Está aqui. Acaso não reconheces ?

 

É bem certo que a partícula de saliva lhe deformou os olhos

e os braços estão exaustos de abater lustres, irreconhecíveis.

Mas não importa, é ele.

 

A porta o louco espera o momento oportuno de sorrir

e mais valerá que os relógios paisagísticos se alterem

mesmo que a fotografia (ex-estátua decepada)

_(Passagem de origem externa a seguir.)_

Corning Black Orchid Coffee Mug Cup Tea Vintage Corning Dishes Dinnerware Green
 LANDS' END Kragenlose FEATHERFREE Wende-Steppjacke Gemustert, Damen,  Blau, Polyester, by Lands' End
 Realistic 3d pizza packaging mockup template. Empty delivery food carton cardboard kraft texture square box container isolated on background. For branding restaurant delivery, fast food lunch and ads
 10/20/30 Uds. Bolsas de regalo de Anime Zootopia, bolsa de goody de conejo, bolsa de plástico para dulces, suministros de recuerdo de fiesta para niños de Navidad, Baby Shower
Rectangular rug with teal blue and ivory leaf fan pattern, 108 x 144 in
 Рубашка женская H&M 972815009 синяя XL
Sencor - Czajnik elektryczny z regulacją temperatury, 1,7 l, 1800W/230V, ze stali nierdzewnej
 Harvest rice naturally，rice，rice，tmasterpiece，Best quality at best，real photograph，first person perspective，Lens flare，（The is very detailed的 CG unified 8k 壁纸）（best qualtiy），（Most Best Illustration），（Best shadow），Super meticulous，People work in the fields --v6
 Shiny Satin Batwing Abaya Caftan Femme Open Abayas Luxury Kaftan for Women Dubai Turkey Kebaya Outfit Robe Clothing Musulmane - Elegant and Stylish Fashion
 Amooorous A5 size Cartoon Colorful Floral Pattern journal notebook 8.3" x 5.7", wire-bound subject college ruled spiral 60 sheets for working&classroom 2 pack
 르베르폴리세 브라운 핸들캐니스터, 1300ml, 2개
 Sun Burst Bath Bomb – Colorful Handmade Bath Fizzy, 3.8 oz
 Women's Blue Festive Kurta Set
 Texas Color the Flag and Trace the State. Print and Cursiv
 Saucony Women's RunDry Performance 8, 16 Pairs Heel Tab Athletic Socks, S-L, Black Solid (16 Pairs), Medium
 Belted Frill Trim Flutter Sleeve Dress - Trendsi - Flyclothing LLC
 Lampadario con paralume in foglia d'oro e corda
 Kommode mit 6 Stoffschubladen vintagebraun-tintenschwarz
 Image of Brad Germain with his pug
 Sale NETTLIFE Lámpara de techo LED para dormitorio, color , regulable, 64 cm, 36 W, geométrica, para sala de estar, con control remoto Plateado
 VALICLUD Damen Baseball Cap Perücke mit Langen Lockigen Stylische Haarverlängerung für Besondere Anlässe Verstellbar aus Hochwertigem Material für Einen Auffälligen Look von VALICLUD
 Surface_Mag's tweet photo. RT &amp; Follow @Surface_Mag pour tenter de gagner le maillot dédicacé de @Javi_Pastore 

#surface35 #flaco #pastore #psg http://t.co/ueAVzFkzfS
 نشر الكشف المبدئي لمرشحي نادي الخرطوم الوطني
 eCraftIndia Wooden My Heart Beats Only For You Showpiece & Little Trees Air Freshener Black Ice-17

nos exiba a inconfidência do desencontro.

 

Valerá mesmo que a égua encontre o seu caminho

que os esquemas dos aviadores tenham o seu oculto significado

ou até que a porta se abra ruidosamente.

 

Deste lado estaremos nós

como as lâmpadas dos pescadores no Mediterrâneo

como os crânios antevistos ao fim

nós, os doentes epidêmicos das cidades.

 

A febre que nos queima

é o contato dos objetos da manhã

a cadeia de oiro nos pulsos de Henry Miller

o arsenal dos paranoicos

que acordam com a morte nos olhos

o coração inundado por um liquido mais denso.

 

Todos os dias nos interrogamos

onde começa ou acaba este jogo mesmeriano

o terminus desta locomotiva que nos arrasta

deixando-nos loucos

como as mães que nos procuram ferindo os inimigos.

 

Dispersos ao norte ou ao sul

ante as estátuas de bronze de Mercúrio

no caudal do Lima

o nosso encontro sucederá no mar

a terra avistada como uma grande montanha.

 

 

Diremos                     . .

 

palavras de ódio, de tristeza, de fascinação; pala-

vras de rancor de deslumbramento, de ternura:

palavras de sangue, palavras mágicas, de

comédia, de destino, de morte; palavras

inquietas, excessivas; palavras de amor, pala-

vras precisas, eufônicas; palavras de magia;

de destruição, de profecia,

 

e nas sombras que decoram o sol

será admitido o nosso afastamento

acabaremos sobre um céu que nos transforma

diremos sim

para que o tempo seja reduzido

e os signos que encantam os amantes possam prevalecer.

 

Chegará a noite

expugnada noite oceânica

das deformadas estrelas que nos cegam

o refluxo branco e cinzento

as nuvens aspiradas pelo tufão sobre o nosso rosto.

 

 

 

NUMA ALTA PRAÇA

 

Numa alta praça de nuvens

terás o meu corpo sobre a própria sombra

com colunas de fumo descendo pelos braços

Do refúgio do seu silêncio

 

uma ave tomba a teus pés entre o trânsito da cidade

a ave-peixe a ave transformada em rio

como nos teus olhos um diamante

corno passa a noite em palavras selvagens

 

Esse sangue precioso

 

          a tua vida

 

uma pedra de verdade

 

Nos teus gestos sobe a minha memória

 

os nervos brancos do ódio que te doei

Não me verás nas cabeças curvadas prestes a chegar

mas na tranquilidade dum sono que te abarca

E na tua fronte contrata de percepção

essa luz que só as minhas mãos sabem

 

Entre sombras como nas lendas da bíblia

dormindo ficarás sete anos sobre o teu choro.

....................................................................

 

Da minha figura salvar-se-á a luz que em ti ficou

 

                                       Lisboa, Junho de 1952.

 

Página publicada em setembro de 2014.